As well, while I thought he did a good job of setting up all the little things, I found that the treatment of the big, thematic issues simplistic. The third book is the heaviest on this, of course, because the world is ending. Ruin & Preservation, and that the world cannot be in balance without both of them together; that's a really common theme. Not much new is done here; they have to be alloyed together to allow the world to be in balance.
A lot of the themes were interesting though. There's a lot about servitude, freedom, survival. Vin is the most obvious example; she tried to be unobtrusive but useful to survive, but her journey in The Final Empire is essentially one of discovering ways to trust, live otherwise. The kandra are similar, though. They tried to assume human forms and were killed by men, so they signed Contracts with men that made them nothing more than perfect servants, unable to kill humans, utterly subservient to their masters. Then there are the Terrismen and women, who have been bred by the Lord Ruler to be docile and serve as stewards. And all of them end up rebelling. Kelsier's message is hope. The skaa have so little chance of actually succeeding, everyone thinks Kelsier is insane, but he's doing it not necessarily to topple the Lord Ruler (though that's his goal) but if he fails, to have shown to the future skaa that rebellion is possible.

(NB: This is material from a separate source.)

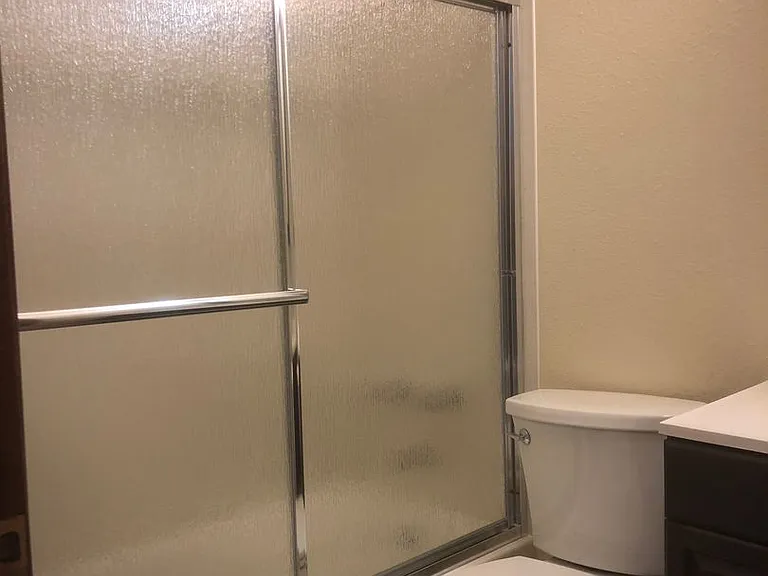 Pinewood Apartments — Photo 16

Give the next generation something to look at. There's the underlying idea that they can't go on this way. Even if rebellion will end in horrible painful death, it's better than staying under the boot. In a lot of ways, the kandra pulling out their spikes, returning to non-sapient mistwraiths, is about getting out of servitude. Not only have they fulfilled their last contracts but they are denying Ruin another tool, a potentially disastrous one, since they know where the atium is hidden.
Oh! Another twist: the koloss! Should have guessed that there would be humans buried in there.
The magic system. It's very well set up generally; he doesn't contradict what Pushes and Pulls can do, though there are six more elements that can be burned than are initially described. That has a reason since the Lord Ruler doesn't want them to be known. But the thing is, though the magic bit was put together well enough, it was fantastically boring to read about. The magic was used almost exclusively to fight. I still don't know whether steel pushes or whether it's iron, even though every book is jam packed with fighting; every time Sanderson said "Pull" or "Push" I just mentally substituted "blah blah FIGHTING" and went on. I don't know how many people have made it this far into my many tl;dr reviews but I really, really love magic worldbuilding and say so at the least opportunity, so it was pretty unusual for me to not care for or look into the magic. The Terris Keepers' powers was more interesting, as was the Contract and abilities of the kandra.
Language! It made me wince but I must give points to Sanderson for the accents; instead of the usual phoenetic rewriting, Eastern street slang that Spook spoke was different because of syntax. That's new! I'm still not a fan of accents but it was at least different.
They were really good books. But I'm going to go read a nice, relaxing, fluffy novel next.